ABSTRACT

In this chapter are presented the details of beamforming using model-based electromagnetic signal processor to form a beam from a mobile station (MS) moving through a series of stationary base stations (BSs). The beamforming algorithm is linked to an automatic tracker of the MS position and velocity of the BS with which it needs to maintain connection. The working of the tracker and beamforming algorithms is illustrated for a two-element adaptive array antenna on the MS. The chapter also explains a technique for handing over the control of the MS from one BS to another as the MS moves over the large space or area covered by the wireless system. In the final part of the chapter, the beamforming of a BS antenna that needs to track and stay connected to an MS is presented. In the case of the BS, more antenna elements may be used to form the BS array antenna. Results are presented for two- to nine-element adaptive array antenna.

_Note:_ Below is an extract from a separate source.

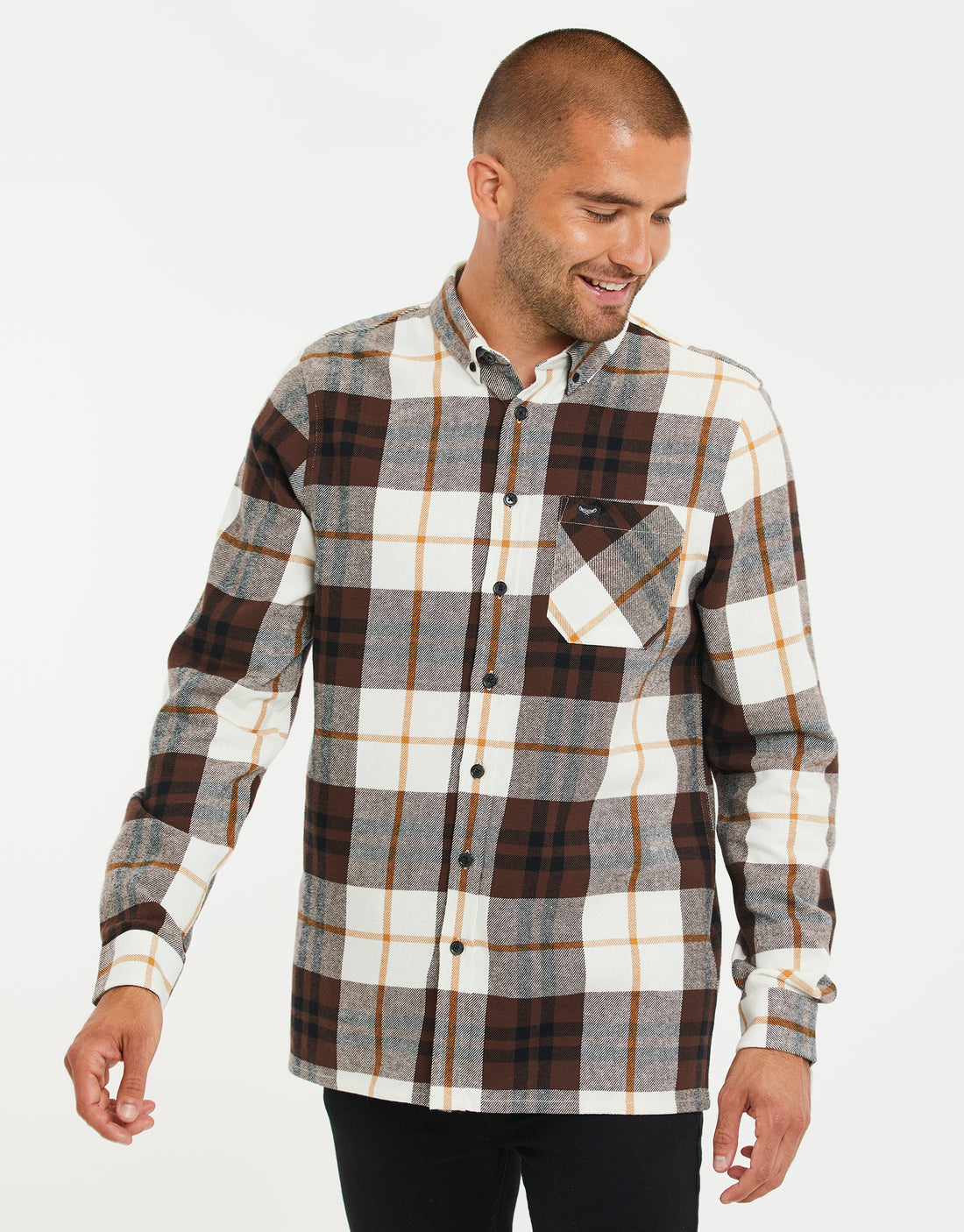 Men's Dark Oak Brown Check Long Sleeve Shirt – Threadbare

In this chapter, we shall introduce the concept of smart or intelligent antennas in cellular communications. In a smart antenna, the antenna beam is dynamically changed to enhance the system performance. In particular, by controlling the signal strengths at each element of an array antenna, by changing the weights of an adaptive antenna algorithm, the directivity of the antenna is dynamically controlled. We shall focus on the use of such an antenna on an MS, whilst remembering that the same principles may be applied for a BS smart antenna. Amongst the advantages of using smart antennas, the following are the most important:

Increasing the channel capacity through frequency reuse within steerable beams. Since the power required is much less than a fixed antenna, 218resulting in a lower carrier-to-interference ratio, the smart antenna can allow channels to reuse frequency channels. Space division multiple access (SDMA) with smart antennas allows for multiple users in a cell to use the same frequency without interfering with each other since the BS smart antenna beams are sliced to keep different users in separate beams at the same frequency.

Increasing communication range without increasing battery power. The increase in range is due to a bigger antenna gain with smart antennas. This would also mean that fewer BSs may be used to cover a particular geographical area.

Reducing multipath, cochannel interference and jamming signals by forming null points in the direction of unwanted signals. Hence, the link quality can be improved. This could also enable the smart antenna beams to be always focused on the hot spots where the number of subscribers is large in a given area of a cell.

Better tracking of the position and velocity of the MSs.

The position–velocity estimator (PVE) algorithm presented in Chapter 7 is further enhanced to include MS antenna beamforming. This is a crucial aspect of smart antennas in cellular communications. The MS estimates its own position and velocity, and simultaneously optimizes its antenna beam for reception and transmission. First, the possibility of combining the PVE algorithm and the least mean square (LMS) beamforming algorithm to perform beamforming and position–velocity estimation is investigated. Next and more importantly, an accurate single module beamforming with position–velocity estimator (BFPVE) algorithm is designed using the principle of maximum likelihood estimation. Based on a two-element antenna array, the proposed algorithms are tested in MATLABTM for different channel conditions.